Sebbene l’art. 27 della Carta Costituzionale stia lì, immobile e pietrificato, a ricordarci che la pena deve tendere alla risocializzazione del condannato, la realtà quotidiana  lo vede, quasi  silenziosamente abrogato, svuotato di contenuti, di progetti di vita, di prospettive.
Ed in effetti, non si può non convenire che esso giaccia lì, un nudum nomen, un cippo a ricordo  di un qualcosa, che appartiene al passato.
Eppure le condizioni di vita, giuridica ed umana, nelle carceri  vanno assumendo  vastità devastanti.

Lo stillicidio dei suicidi, la vita quotidiana  ingabbiata in spazi subumani di vita, le condizioni di lavoro del personale penitenziario, le attese dei detenuti, non raramente messianiche, per poter accedere  a quello che è sopravvissuto dei  cosiddetti benefici di legge: questi sono, solo,  alcuni punti di una criticità, ormai fossilizzata come emergenza, aggravata dalla successione di leggi  riempi carcere ( la cosiddetta Cirielli sulla recidiva, l’inasprimento dl trattamento sanzionatorio per i tossicodipendenti, le cosiddette leggi manifesto sul trattamento penale dello straniero ) .

E’ una situazione triste per il detenuto.
Tristissima per la società.
Una società capace di punire, ma incapace di offrire alternative  al delitto. Incapace di prevenire le recidive, incapace di far fruttare i soldi, spesi dal contribuente per il mantenimento dei detenuti nelle carceri:  soldi spesi, sembrerebbe, solo per un opaco contrappasso vendicativo, temporaneo  e sedativo delle inquietudini della gente.

Ma dove sono i risultati positivi durevoli?
L’associazione Prospettiva Legale si è costituita, principalmente, per ricordare che il problema carcere è irrisolto e che è necessario  assumerlo come nodo centrale della crisi della giustizia .
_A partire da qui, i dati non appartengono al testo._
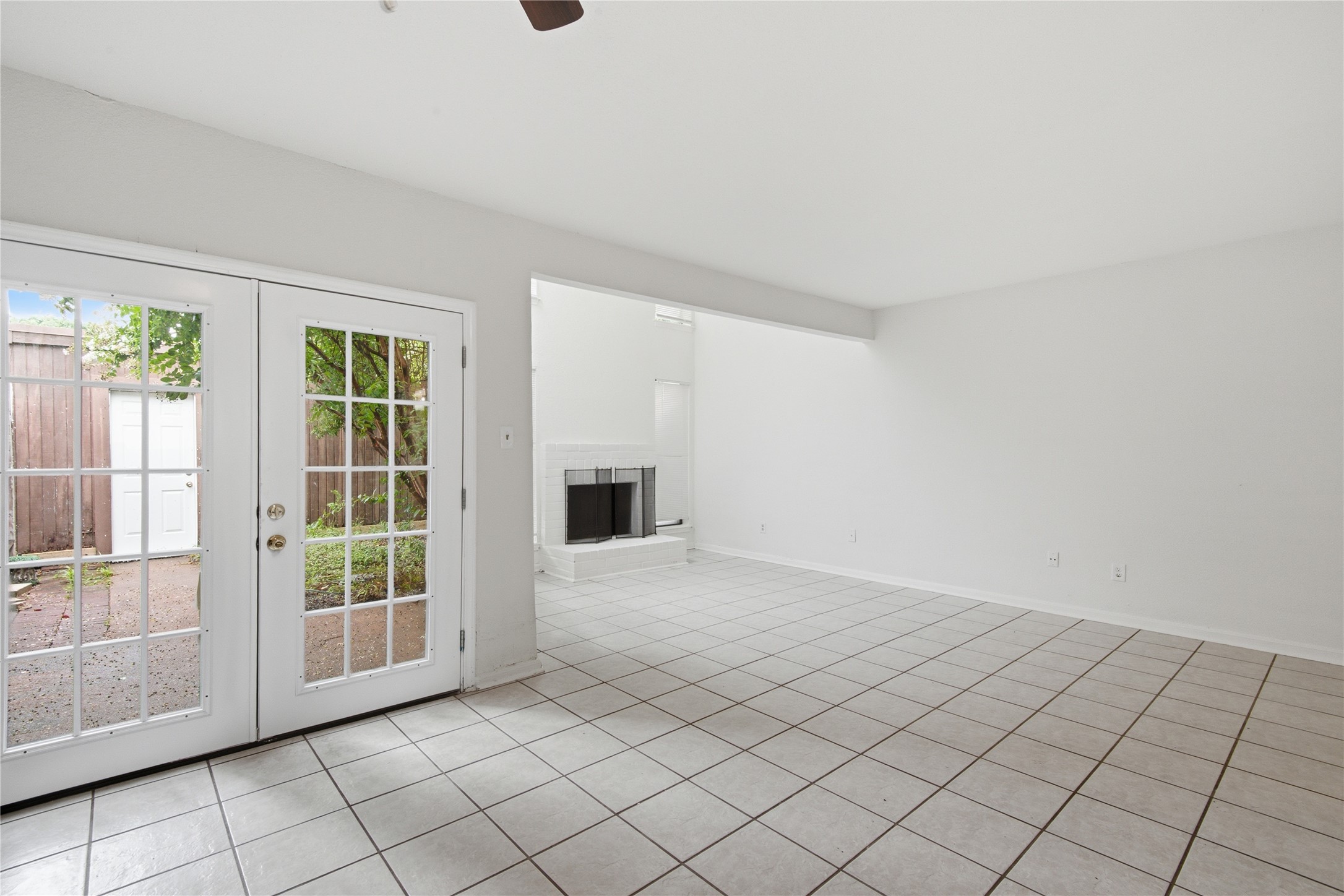 11217 Briar Forest Drive Property Photo 6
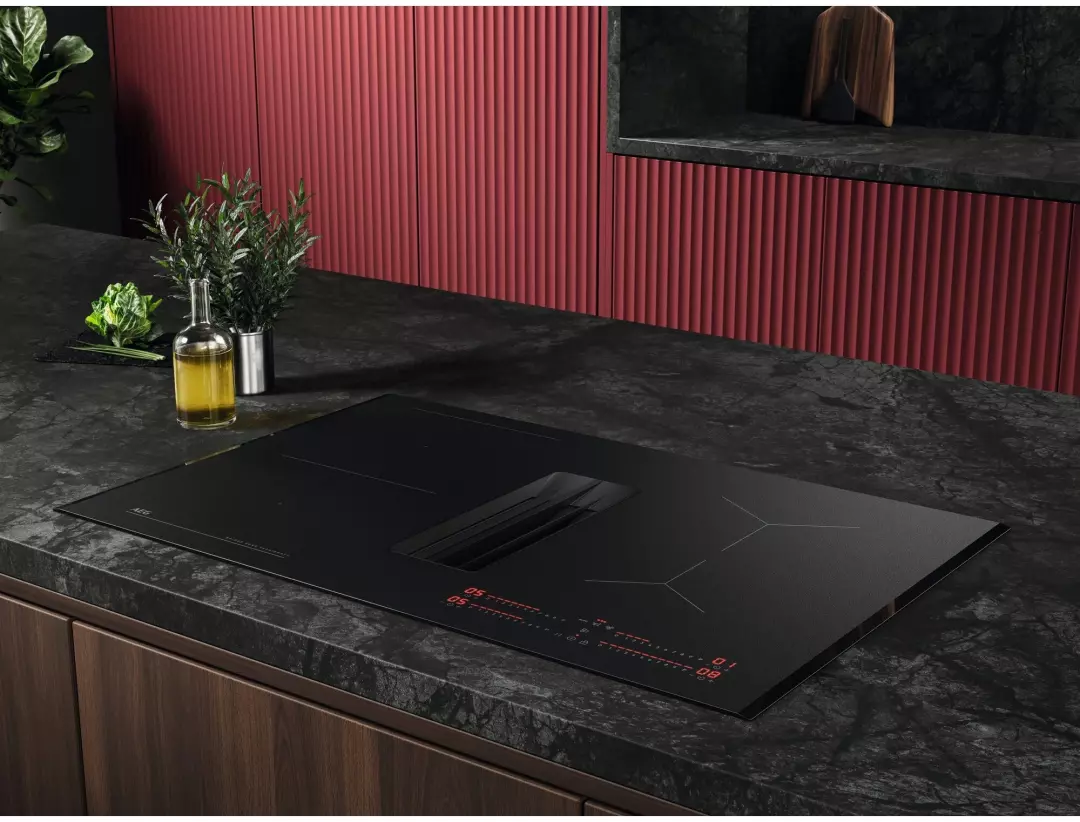 AEG | Plaque induction aspirante TH84CB03FZ SaphirMatt 81 cm photo 9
Il termine Prospettiva evoca, di per sé, la capacità di offrire una via di uscita ad una situazione  incancrenita ed inceppata e richiama la necessità di sensibilizzare la società civile, gli operatori del diritto, le energie dispiegate sulle criticità sociali su una scelta irrinunciabile: nessuna situazione, nei vari percorsi detentivi, può legittimare la compressione dei diritti della persona in quanti sono sottoposti all’esecuzione di una sanzione penale.
Il termine Legale richiama la scelta di percorrere tutte le previsioni di legge, che qualificano la pena in una prospettiva di riabilitazione e di risocializzazione.

La complessità del problema carcere è, per noi, di stimolo e di impulso, consapevoli, come siamo, che in esso  vi sono custodite persone che hanno fatto una scelta di criminalità.

Ma siamo sorretti dalla consapevolezza che in carcere vi confluiscono, anche, e prevalentemente,  persone che hanno subito la scelte di criminalità, persone che  sono gravate da devastanti patologie psichiatriche, esistenze allo  sbando,   persone alla deriva sociale, persone, che hanno vissuto circoscritti momenti di smarrimento esistenziale, stranieri  entrati in contatto con la realtà penale solo in base alla loro condizione anagrafica.

Per tutti loro, e in sinergia con le altre realtà associative da tempo operative, Prospettiva Legale intende offrire il proprio contributo.